The jolt quickly became a dull ache that almost felt good. In any case, I felt more alive than I had a moment before, because I was more alive. The machine in my heart had reminded me of just how precious this life is. Its timing was impeccable: with a full house in front of me, while I played my guitar, I got the message loud and clear. I got it a few times that night. And I got it every time I was onstage for the rest of that tour, though I never knew when it was coming.

A doctor installed an implantable cardioverter-defibrillator in my heart when I was thirty-five. It’s a three-inch-long battery-powered generator that was inserted through an incision in my armpit. It constantly monitors my heart rate, delivering electroshocks whenever my heart beats too dangerously fast or slow. Fifteen years of overdrinking and drug abuse had swollen that organ to one beat short of exploding. When I was finally hospitalized, I was told I had six weeks to live. It’s been six years since then and this piece of machinery has saved my life more than a few times. I’ve enjoyed a convenient side effect that the doctor did not intend: when my indulgences have caused my heart to beat too dangerously slow, my defibrillator has popped off, keeping death from my door for one more day. It also shocks my heart into submission when it beats fast enough to court cardiac arrest.

It’s a good thing I got it adjusted before the first Velvet Revolver tour. I did that one sober for the most part; sober enough that the excitement of playing with a band I believed in to fans who believed in us moved me to my core. I hadn’t been that inspired in years. I ran all over the stage; I basked in our collective energy. My heart raced with excitement hard enough to trigger the machine inside me onstage every night. It wasn’t pleasant but I began to welcome those reminders. I saw them for what they were. Strange moments of alienated clarity, moments out of time that encapsulated a life’s worth of hard-won wisdom.

1

Stoked

I was born on July 23, 1965, in Stoke-on-Trent, England, the town where Lemmy Kilmister of Motörhead was born twenty years before me. It was the year rock and roll as we know it became greater than the sum of its parts; the year a few isolated bands changed pop music forever. The Beatles released Rubber Soul that year and the Stones released Rolling Stones No. 2, the best of their collections of blues covers. There was a creative revolution afoot that has never been equaled and I’m proud to be a by-product of it.

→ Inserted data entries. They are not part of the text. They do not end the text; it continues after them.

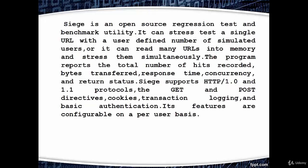The program reports the total number of hits recorded, bytes transferred, response time, concurrency, and return status. Siege supports HTTP 1.0 and 1.1 protocols,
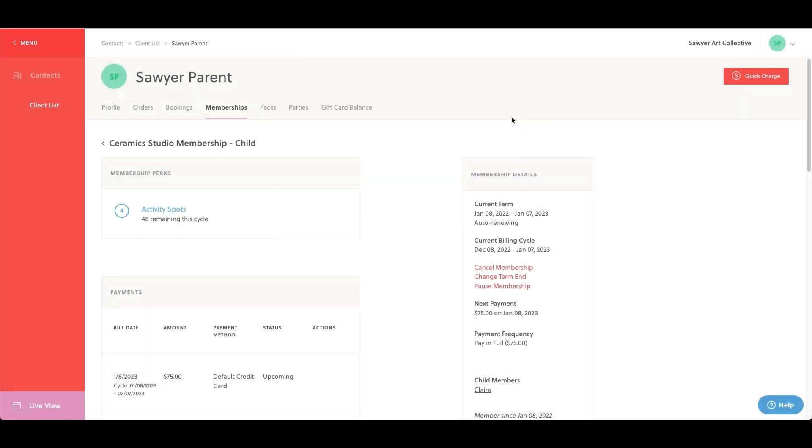We've now covered the main membership management options found within a customer's account. Now, you'll be able to make the necessary changes to a customer's membership should the need arise.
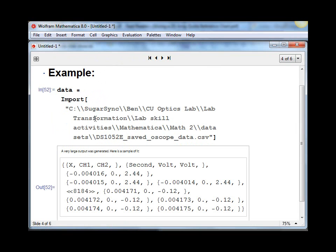And so here what we get that was imported was a time column, a channel 1 voltage column, a channel 2 voltage column, and a blank column.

My mom is an African American and my dad is English and white. They met in Paris in the sixties, fell in love, and had me. Their brand of interracial intercontinental communion wasn’t the norm; and neither was their boundless creativity. I thank them for being who they are. They exposed me to environments so rich and colorful and unique that what I experienced even while very young made a permanent impression on me. My parents treated me as an equal as soon as I could stand. And they taught me, on the fly, how to deal with whatever came my way in the only type of life I’ve ever known.

Tony Hudson and his sons, 1972. Slash looks exactly like his son London here.